The BCC notes that Britain ranks 27th in the World Economic Forums’ quality of overall infrastructure table, and that the UK national infrastructure plan has identified 650 projects needed in the next 15 years.
The BCC, which speaks for business organisations of all sizes, said the country needed to be in the top 15 by 2000 if it was to achieve the government’s target become the richest country in the G7, per capita, by 2030.
Among proposals made by the organisation to the Chancellor are that there is a “complete review and reform” of the compulsory purchase process by 2017-18; rapid action “to green-light new aviation capacity” following the imminent publication of the Airports Commission’s final report and recommendation on a new runway for either Gatwick or Heathrow; remove investment relating to the delivery of the national infrastructure plan from the national debt target.

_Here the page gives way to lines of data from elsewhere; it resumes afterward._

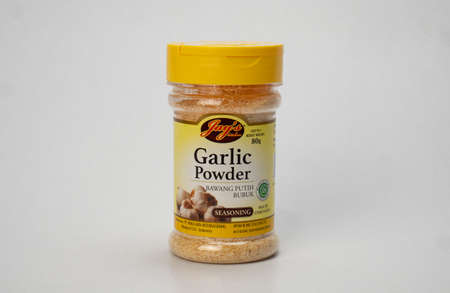 Jakarta, Indonesia: August 1, 2021: Bottle of garlic powder isolated white background, copy spaceのeditorial素材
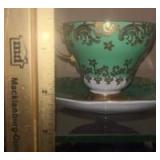 This is an Aynsley bone china teacup and saucer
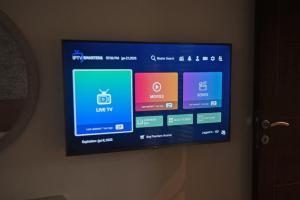 a flat screen tv hanging on a wall at Apartman Mireli in Zlatibor +7 photos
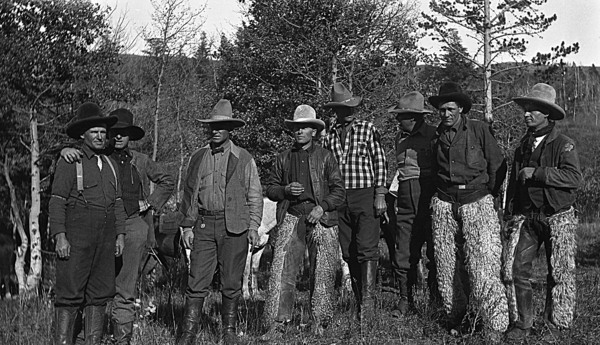 Peel : University of Lethbridge, [Cowboys standing near forest] (1910-1945)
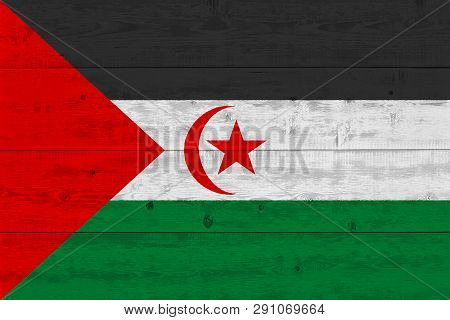 Sahrawi Arab Democratic Republic Flag Painted On Old Wood Plank. Patriotic Background. National Flag
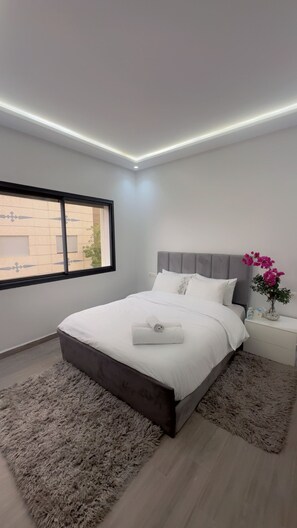 Quarto moderno com uma cama grande, mesa de cabeceira, um vaso com flores e uma janela com vista para edifícios.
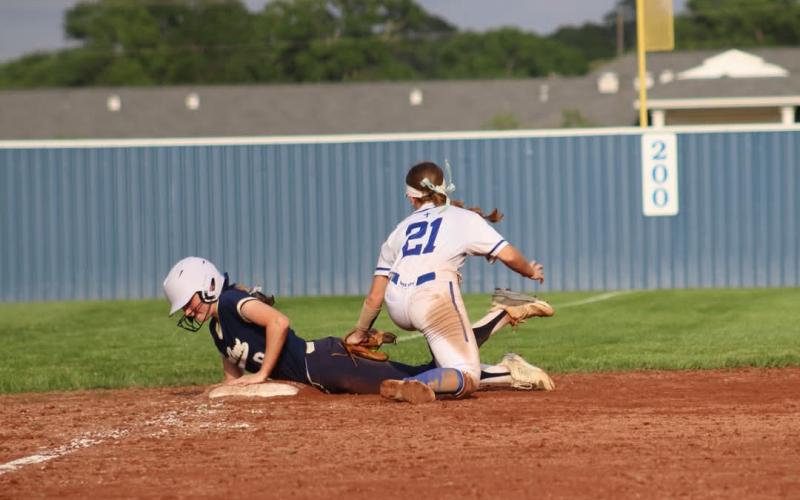 Sacred Heart’s Maci Droddy slides safely into third during Tuesday’s 5-2 win over St. Ed’s in District 5-1A play. (LSN photo by Rhett Manuel)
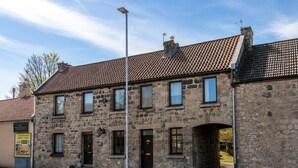 A stone building with a tiled roof, multiple windows, and a small entrance. - Berwick - Close to Town, Bridges and Train Station (Berwick-upon-Tweed)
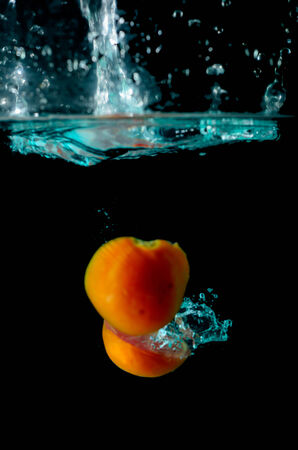 Tomato water splash on black backgroundの写真素材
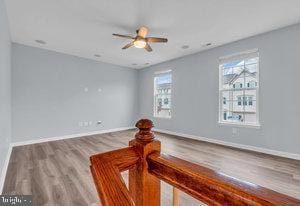 unfurnished room featuring hardwood / wood-style flooring and ceiling fan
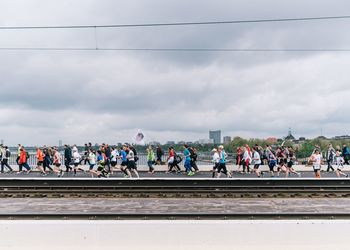 Athletes running on railway bridge during marathon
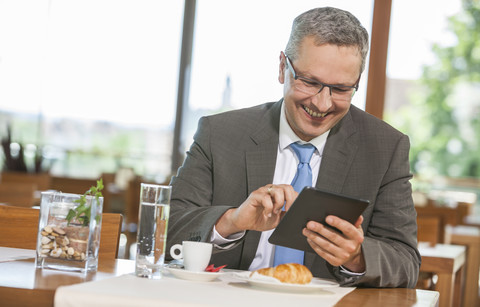 Geschäftsmann im Restaurant mit digitalem Tablet, lizenzfreies Stockfoto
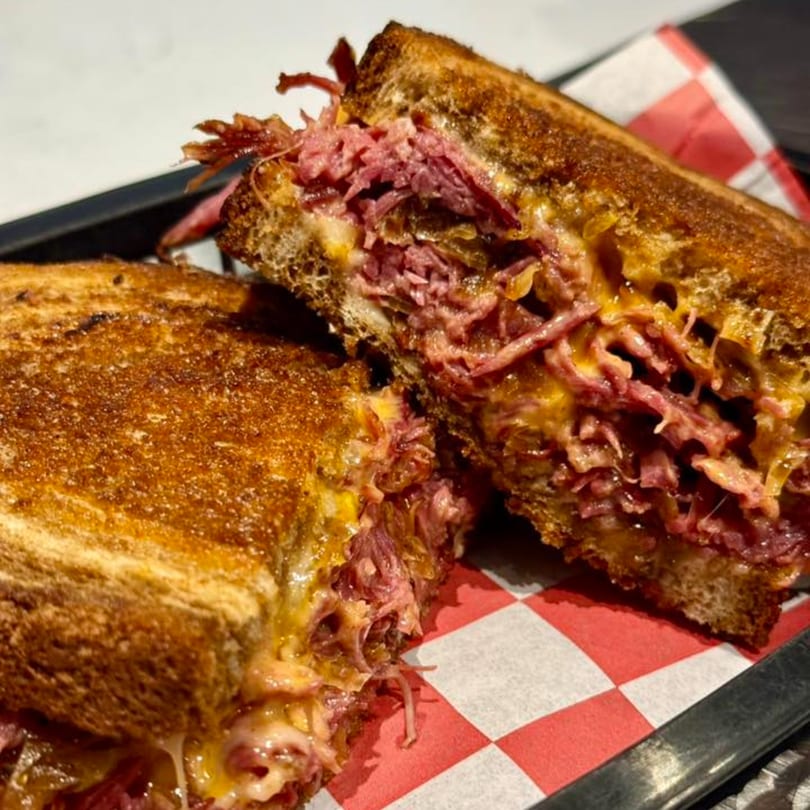 A grilled sandwich, cut in half, revealing melted cheese and shredded meat on checkered paper.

The BCC said: “Business people across the UK are concerned that government spending remains too focused on areas of short-term economic benefit and political convenience, instead of on assets that have a lasting economic benefit.”
It added that government should concentrate more on infrastructure measures that are capable of boosting productivity.
Longworth said: “The UK must get to grips with a huge investment challenge over the next decade – ageing road, rail and energy networks need upgrading and replacing, and more houses need to be built to meet demand.”
He said businesses supported the government’s mending of the public finances, “but it must be achieved without detriment to growth”.